- [STORED DATA]:
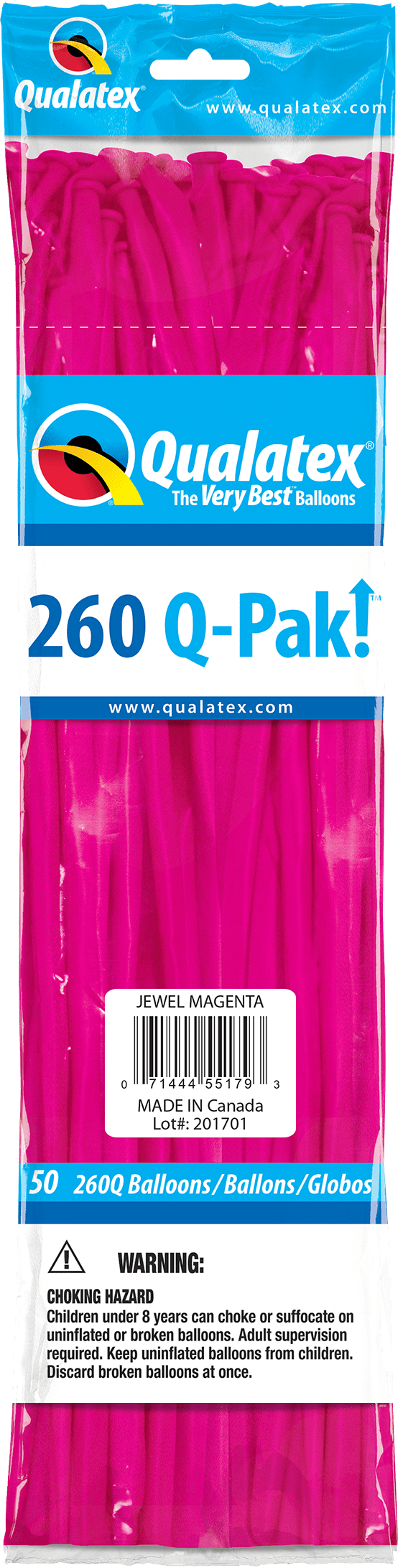 Qualatex Latex Jewel Magenta 260Q Latex Balloons (50)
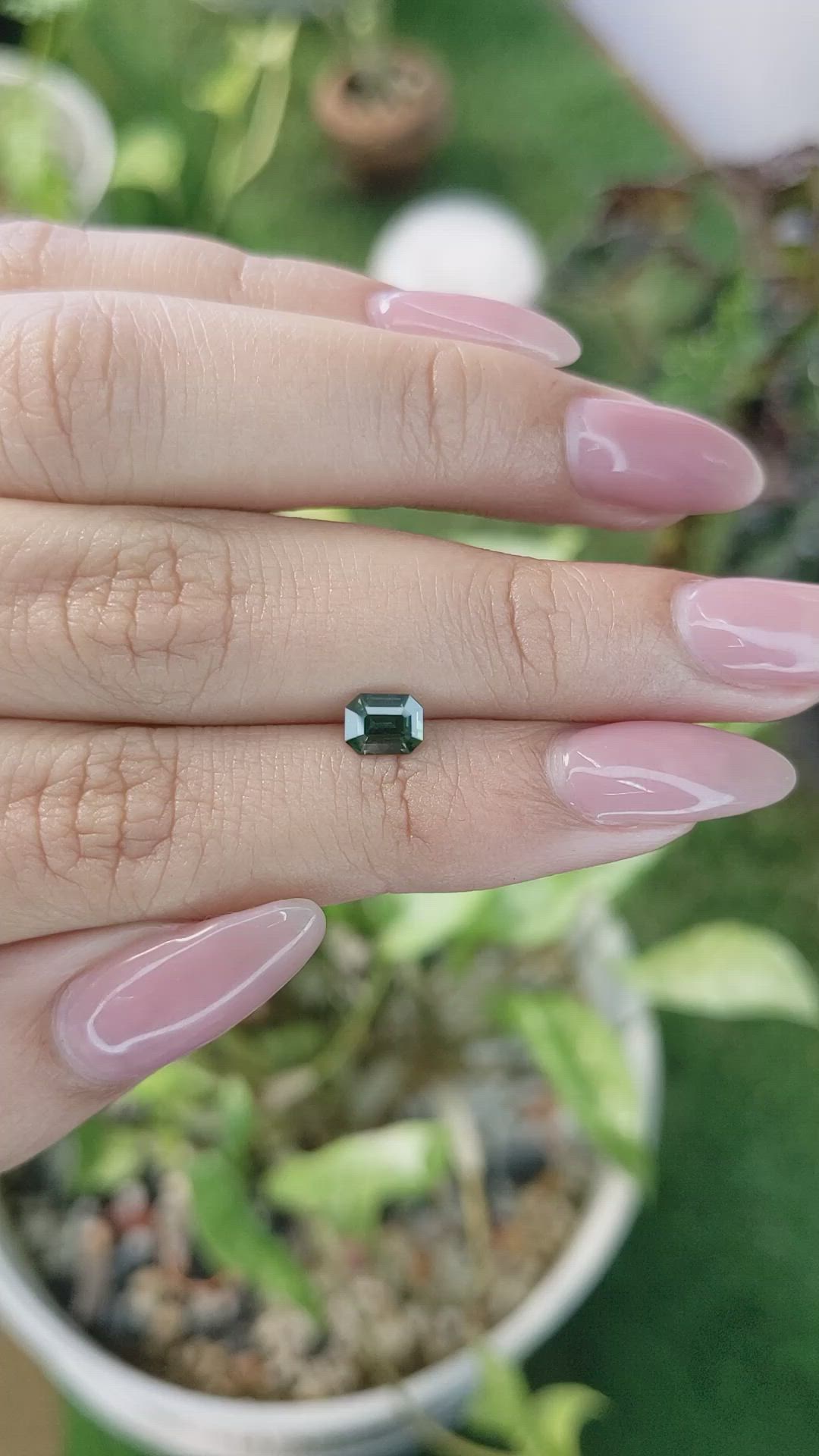 0.76 Ct. Green Sapphire from Madagascar Size Video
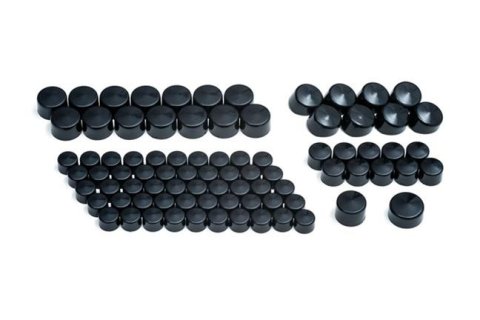 Kuryakyn Kool Kaps Bolt Covers 2465 Covers, Kaps, Engine Kit, Plastic, Gloss Black, Harley-Davidson®, Set of 62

- [ASSIGNED TASK]: Write out the whole listing exactly as it appears, and omit the pictures.

- [OUTPUT BELOW]:
 Qualatex Latex Jewel Magenta 260Q Latex Balloons (50)
 0.76 Ct. Green Sapphire from Madagascar Size Video
 Kuryakyn Kool Kaps Bolt Covers 2465 Covers, Kaps, Engine Kit, Plastic, Gloss Black, Harley-Davidson®, Set of 62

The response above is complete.